Remembering Ravi
Losing Son Too Early, Father Puts
Pension Into Fostering Memories
By LIBBY CUDMORE • Hometown Oneonta & The Freeman’s Journal
ONEONTA – Dad Ram Singh is trying to follow son Ravi’s philosophy.
“His philosophy was the share a loaf of bread with many rather than just give it to one,” said the father. “So I try to do the best I can.”
Following his 25-year-old son’s sudden death in September 2016, Singh struggled to find an outlet for his grief. “I was sick to my stomach,” he said. “No one should ever have to go through that.”
But Ravi’s philosophy stuck in his mind, and he figured out how to honor his son’s short life and keep his memory alive in the community he was raised in. “I decided to do a charity,” he said. “He was very outgoing. I was shocked at how many people liked him.”
His first thought was that he would donate Ravi’s house on East Main Street to one of the local non-profits.
“I offered it to Catholic Charities and (Catskill Area) Hospice – they could have it as long as they kept his name on it,” he said. “But they both said it wasn’t suitable for their needs.”
He decided that he would start a charity to give money to local organizations. “This is what his feeling would have been for the community,” he said.
Singh put $50,000 from his retirement from Pizza Hut, where he served as a district manager, into a CD at the Bank of Cooperstown. “I talked with the president, Scott White, and told him that I was starting a charity,” he said. “He gave me an extra half a percentage point.”

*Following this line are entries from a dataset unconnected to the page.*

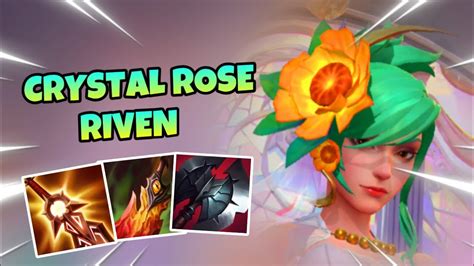 Crystal Rose Riven Wild Rift Is So Pretty And Beautiful Youtube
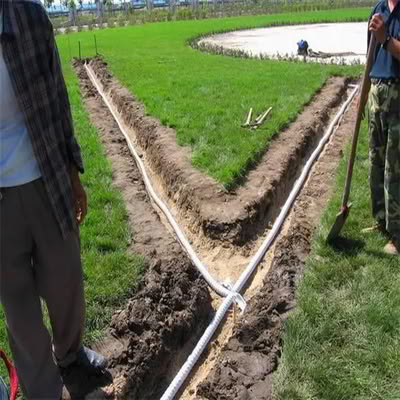 	Flexible permeable hose are used for drainage of water conservancy projects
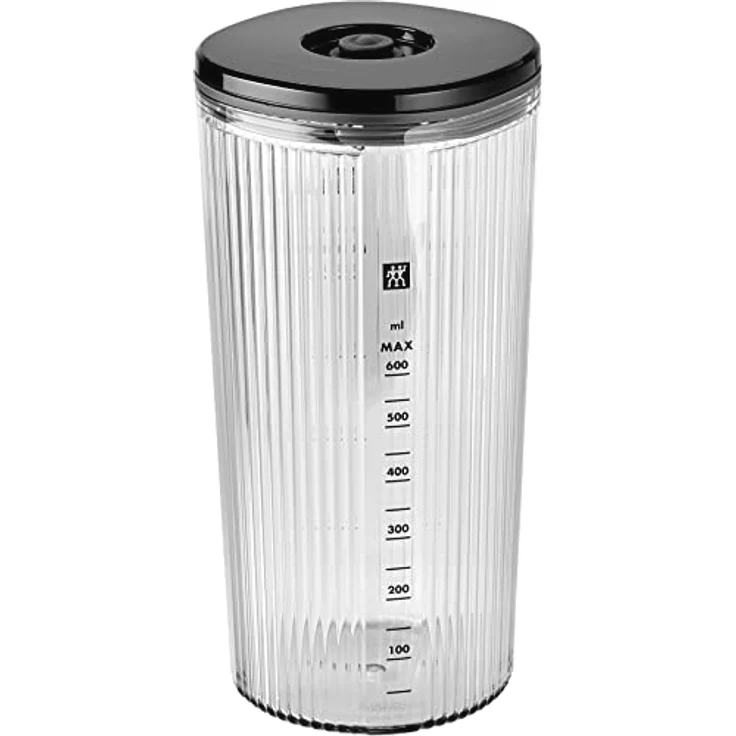Zwilling Enfinigy Stabmixer inkl. Becher u Vakuumdeckel schwarz, Stabmixer, Schwarz – Bild 4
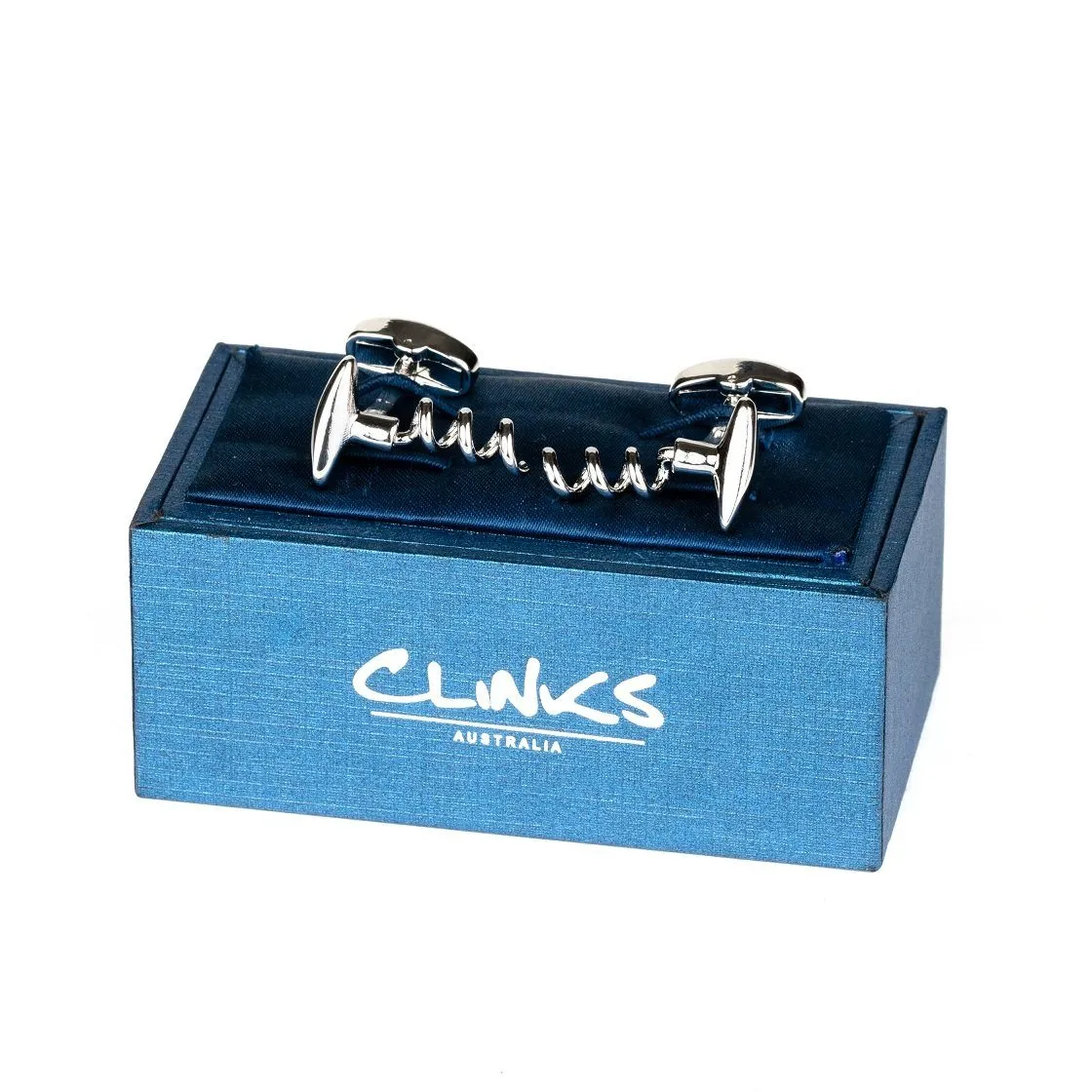 Corkscrew Wine Cufflinks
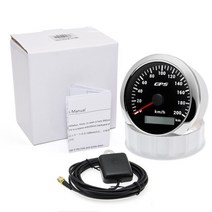 GPS HUD 7가지 색상 백라이트 새로운 85mm GPS 속도계 200 km/h 게이지 주행 거리계 ATV 오토바이 자동차, 01 0-200KMH BS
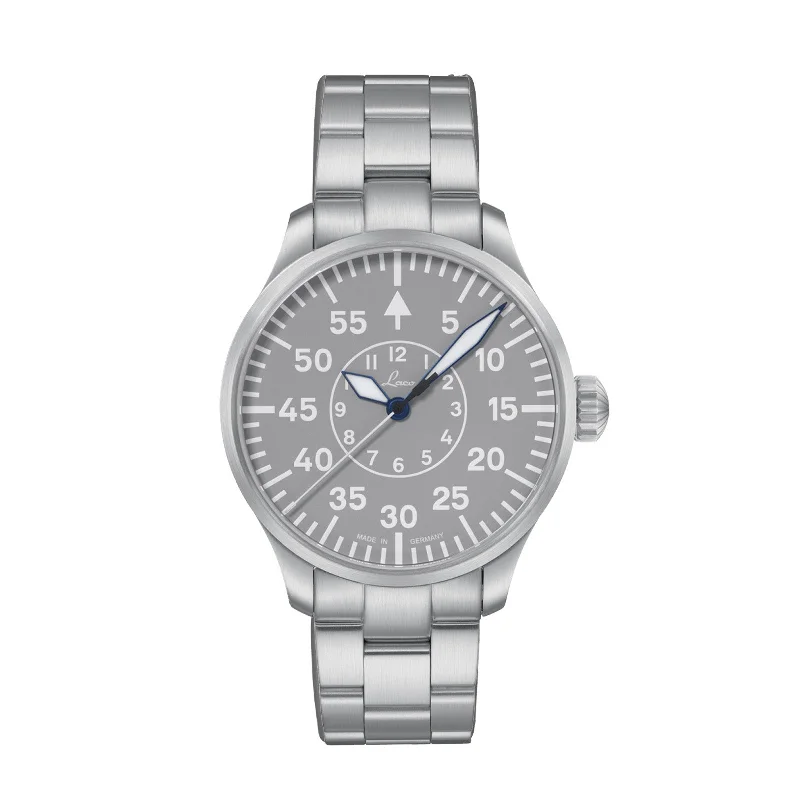 Men's Pilot Watches with Solar Power-Pilot Basic Aachen Grau 42 MB 862159.MB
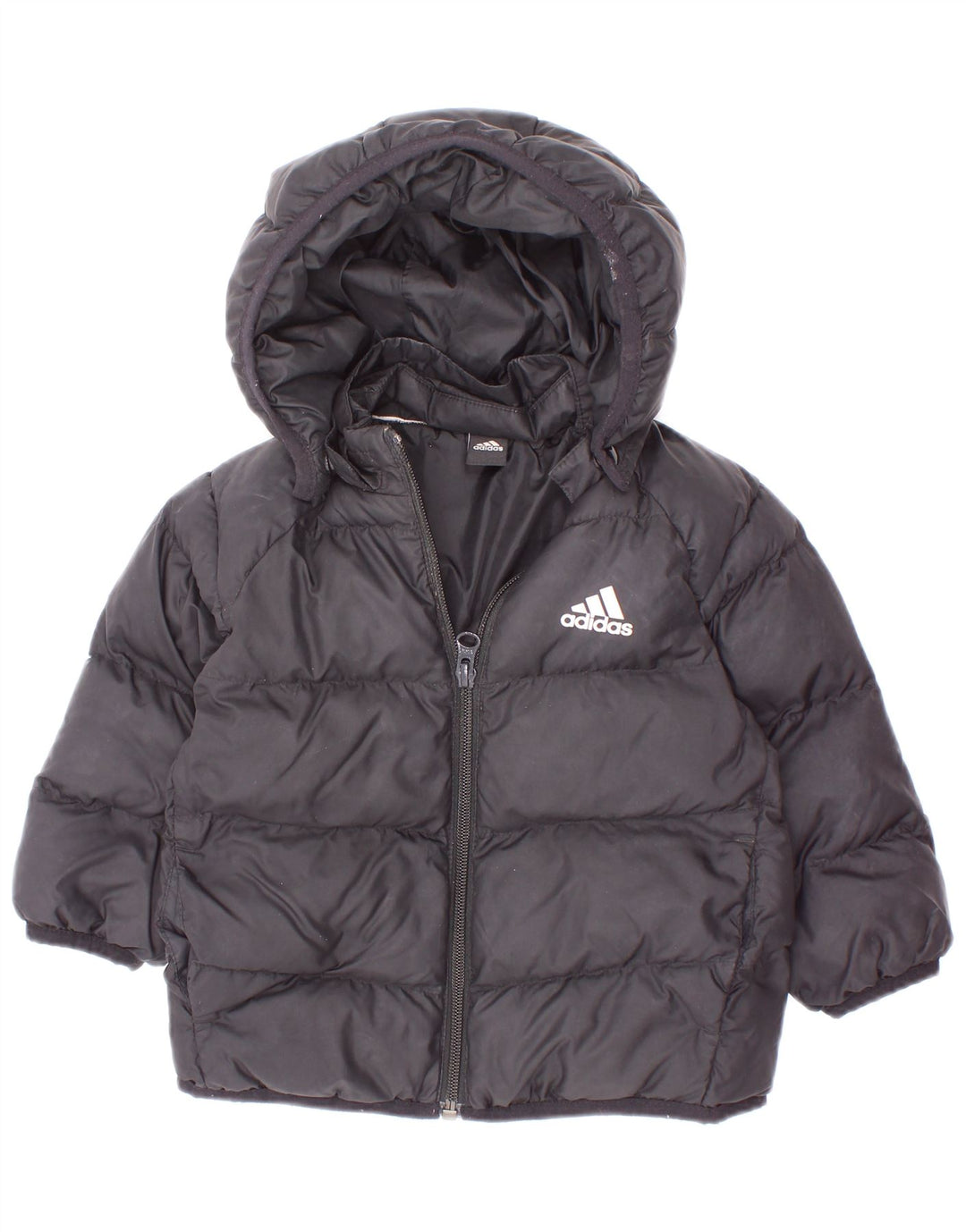 Giacca imbottita con cappuccio Adidas da ragazzo 3-4 anni nera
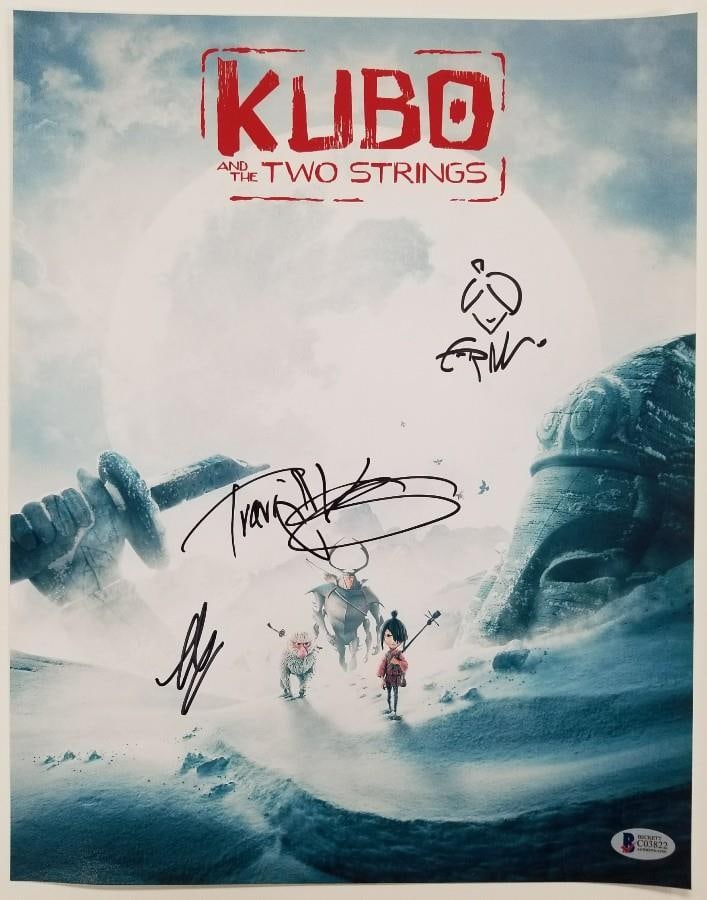 11x14 Kubo and the Two Strings Photo Signed by Three Cast with Beckett COA (1 of 2)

While the CD matured, he used his own funds to begin the Ravi Singh Memorial Charity, writing checks to local organizations, including Family Planning, the Susquehanna SPCA, The Oneonta Community Health Center, the Girl Scouts and Boy Scouts, school groups, the Salvation Army, fire departments and others.
He also bought $5 gift cards to local fast foods restaurants. “I would give them to different charities and tell them to give them to a child who was hungry so they could get a meal,” he said.
In 2017, he donated $600 of his own money. “We didn’t have any interest, so I just wrote the checks,” he said.
And when the CD matured in 2018, he had $999 in interest, and donated $1,193 to charities, in amounts ranging from $25 to $130. “I thought about the organizations he would like to have helped,” he said.
In addition to his father, Ravi was survived by his brothers, Raj and Gulab, and his mother, Madhu.
On the properties Ravi managed – one in Oneonta, the other in Portlandville – he has hung signs that read “Loving Ravi Singh Home.”
“I put his name on his buildings in his memory,” he said.
Son Gulab helped him build a website, www.ravisinghcharity.com, and though he accepts donations to the charity, he has not solicited any.
And in the back room of Singh’s home, he has saved many of Ravi’s things. “I have all his belongings,” he said. “His boots, his clothes, his popcorn maker. I come in here and talk to him.”
A picture of his son is hung above his bed. “He’s the first thing I see in the morning and the last thing I see at night,” the said.